[Opening TASK MATERIAL section]

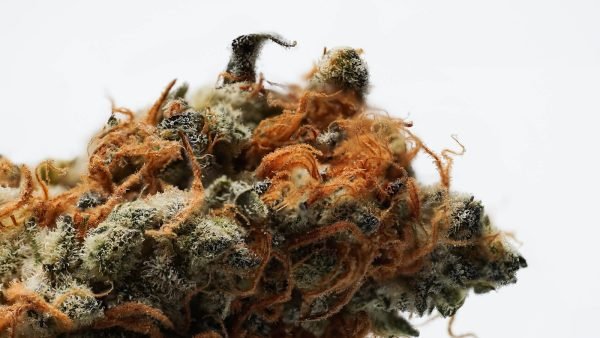 ﻿ Tsleil-Waututh Nation and the Province of BC have entered into a government-to-government cannabis agreement that supports cannabis economic development.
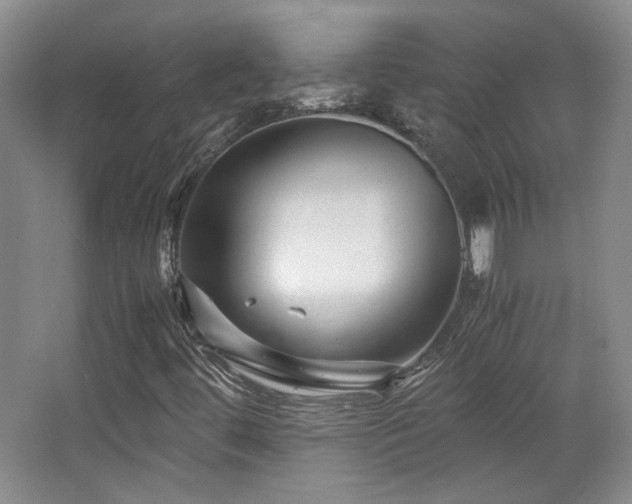 X0000063441444200601231313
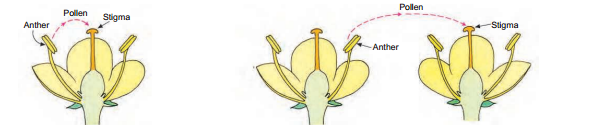 self-pollination-cross-pollination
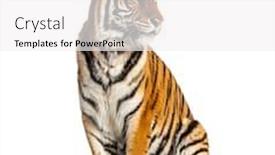  Presentation with tiger - Presentation theme consisting of tiger-sitting-isolated-on-white background and a white colored foreground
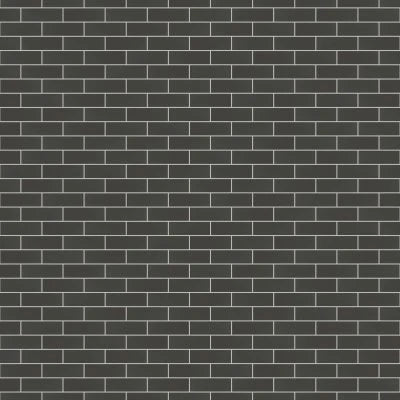 Zenia 2" x 6" Matte Porcelain Floor & Wall Mosaic in Orbit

[Closing TASK MATERIAL section]

_PROBLEM TO SOLVE_
Verbatim output, no pictures: the line holding "X0000063441444200601231313" and all lines after it through the last line of the material, with nothing else.

_EXPECTED ANSWER_
 X0000063441444200601231313
 self-pollination-cross-pollination
  Presentation with tiger - Presentation theme consisting of tiger-sitting-isolated-on-white background and a white colored foreground
 Zenia 2" x 6" Matte Porcelain Floor & Wall Mosaic in Orbit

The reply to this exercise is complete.